This American Life has retracted an episode that focused on working conditions inside a Foxconn iPad factory, calling the source material "partially fabricated." The episode — the most popular in TAL history with nearly a million streams — was partially based on the work of artist Mike Daisey, who apparently lied to fact-checkers about his experiences visiting Foxconn's facility. Some of the lies were discovered during an interview with Daisey's Chinese translator, who disputed the facts presented in his show and on the air.
A new episode of This American Life detailing the issues and what happened airs later today, with an MP3 of the broadcast available Sunday. Host Ira Glass is taking full responsibility for the error, saying that he's "horrified to have let something like this onto public radio."

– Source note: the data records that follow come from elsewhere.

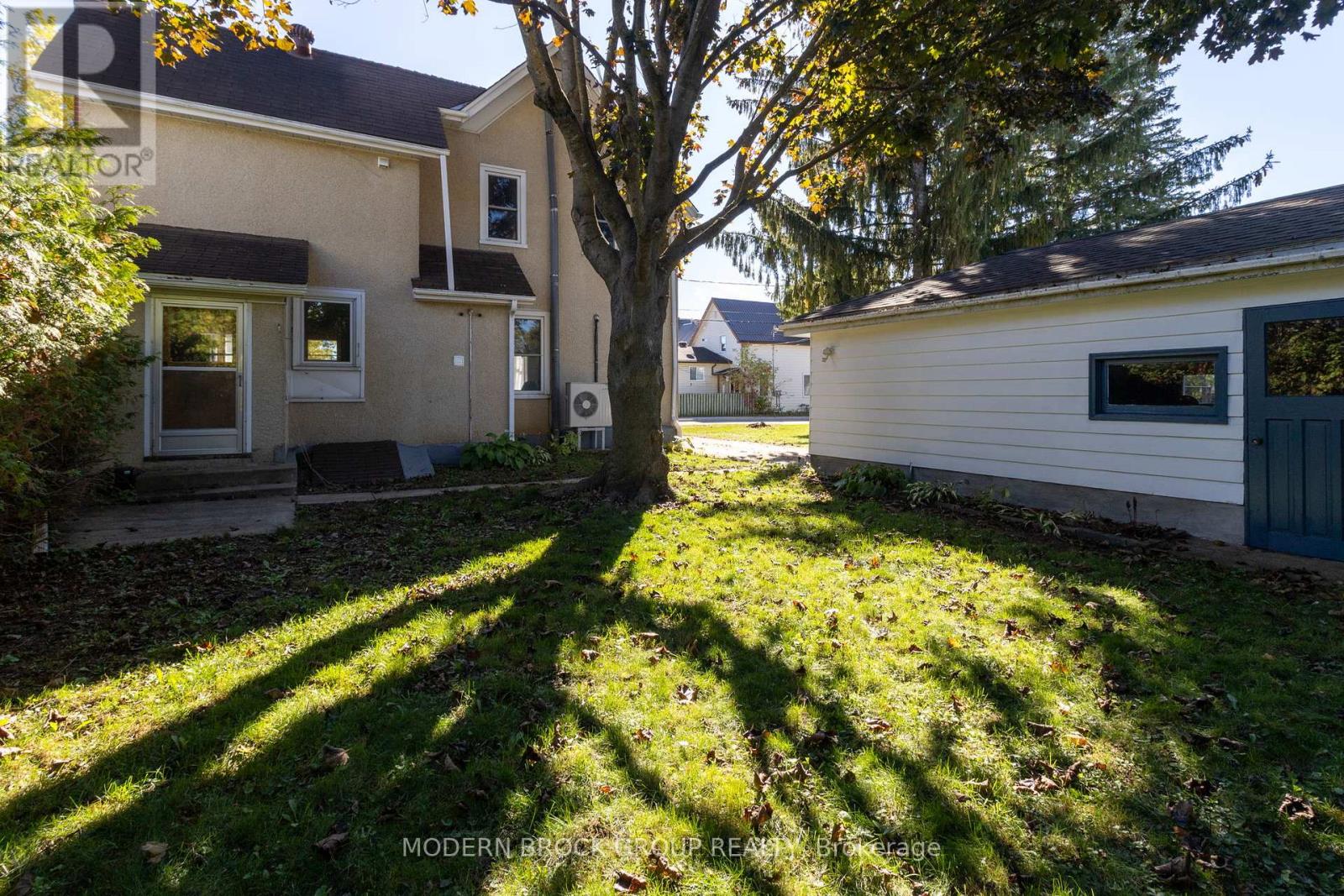 44 Havelock Street, Brockville, Ontario  K6V 4M1 - Photo 8 - X12472259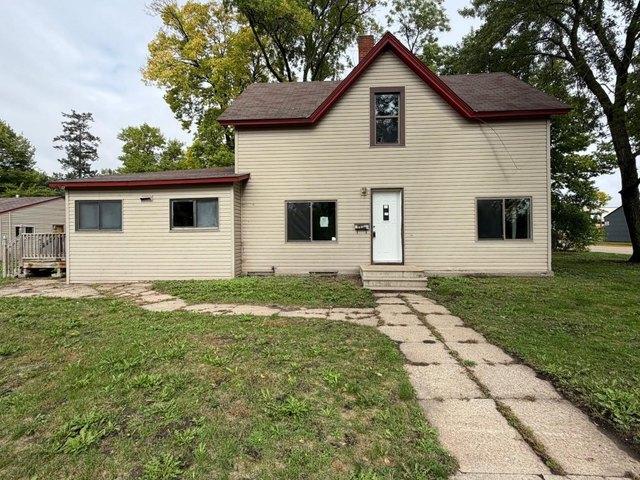 House for sale in Litchfield, Meeker County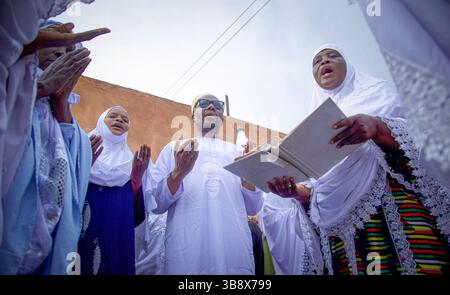 Femmes musulmanes qui ont terminé le Hajj en priant pour l’ancien dirigeant du Parti ACT Wazalendo, Zitto Kabwe, à son domicile dans la ville de Kigoma, en Tanzanie Banque D'Images
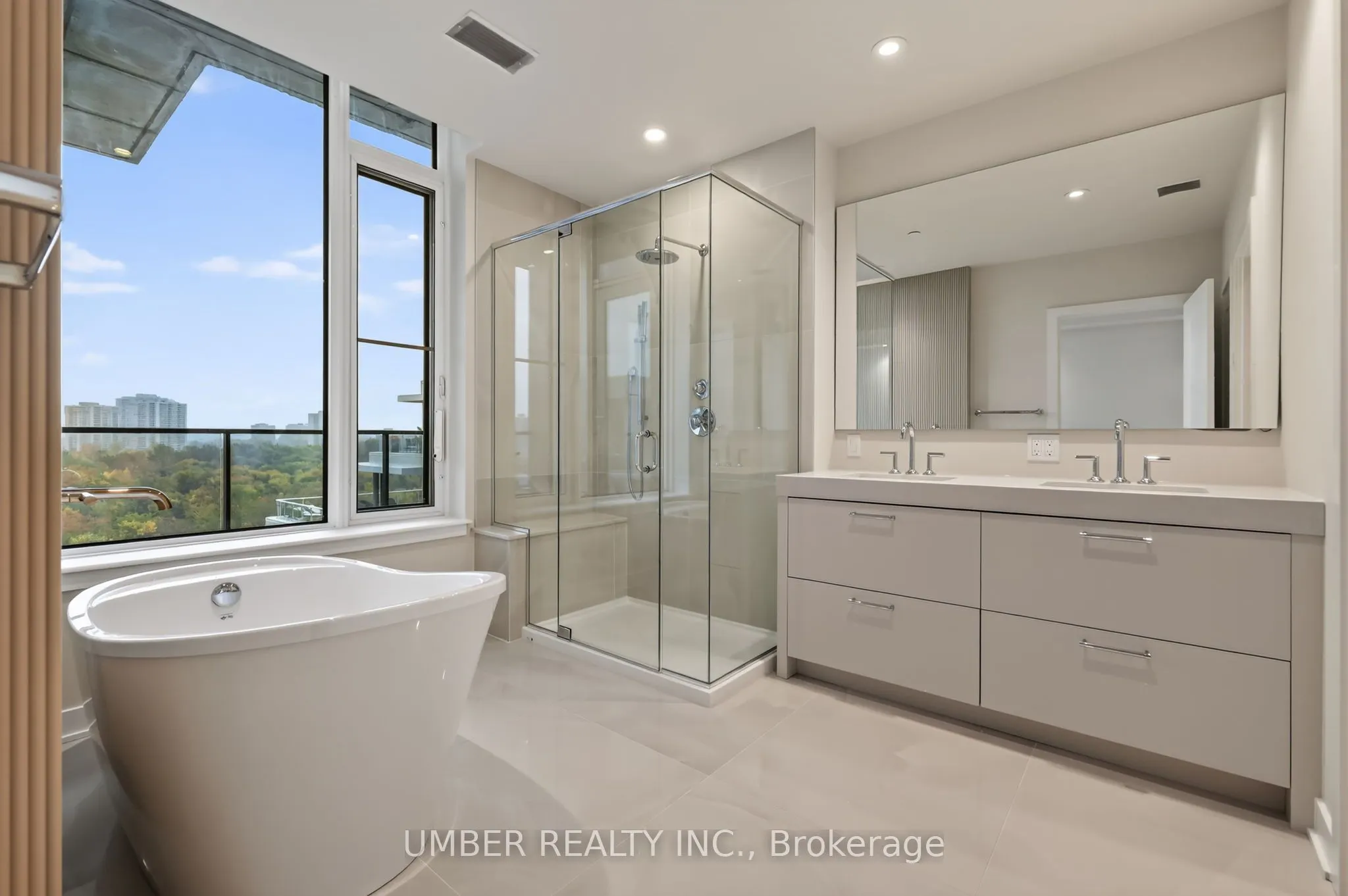 360 Deschatelets Avenue #903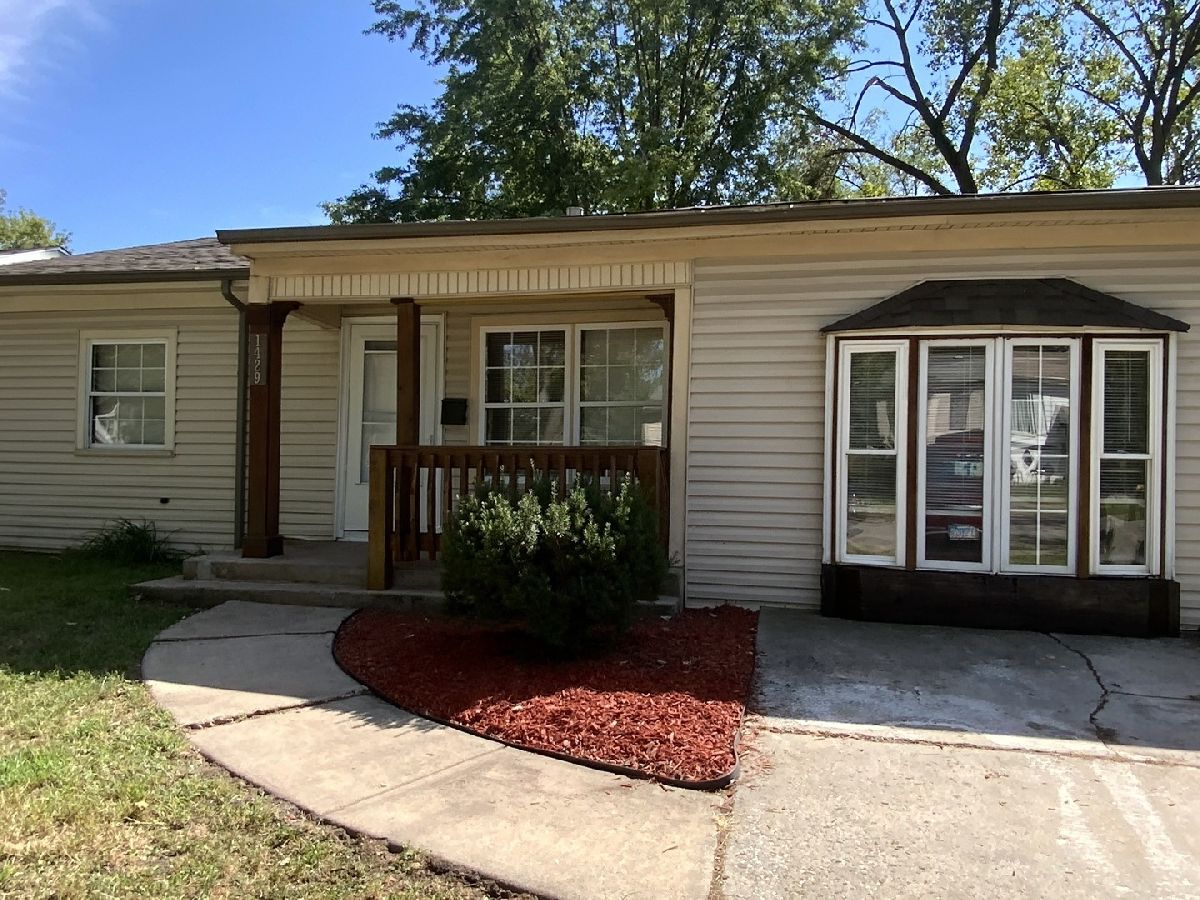 For Sale Ford Heights Illinois, 1429 Ambassador Lane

Daisey lied to me and to This American Life producer Brian Reed during the fact checking we did on the story, before it was broadcast. That doesn't excuse the fact that we never should've put this on the air. In the end, this was our mistake.
For his part, Daisey does not seem to be contrite at all, with a statement on his blog saying that his work is "not journalism" and "operates under a different set of rules and expectations" from a show like This American Life.
What I do is not journalism. The tools of the theater are not the same as the tools of journalism. For this reason, I regret that I allowed THIS AMERICAN LIFE to air an excerpt from my monologue. THIS AMERICAN LIFE is essentially a journalistic - not a theatrical - enterprise, and as such it operates under a different set of rules and expectations.
Our sources at Apple have told us for months that the company viewed Daisey as untrustworthy, and it appears that those suspicions have been borne out.
The statement released by This American Life details some of the more egregious fabrications from Daisey, such as the location of factory issues he discusses in his performance:
In his monologue he claims to have met a group of workers who were poisoned on an iPhone assembly line by a chemical called n-hexane. Apple's audits of its suppliers show that an incident like this occurred in a factory in China, but the factory wasn't located in Shenzhen, where Daisey visited.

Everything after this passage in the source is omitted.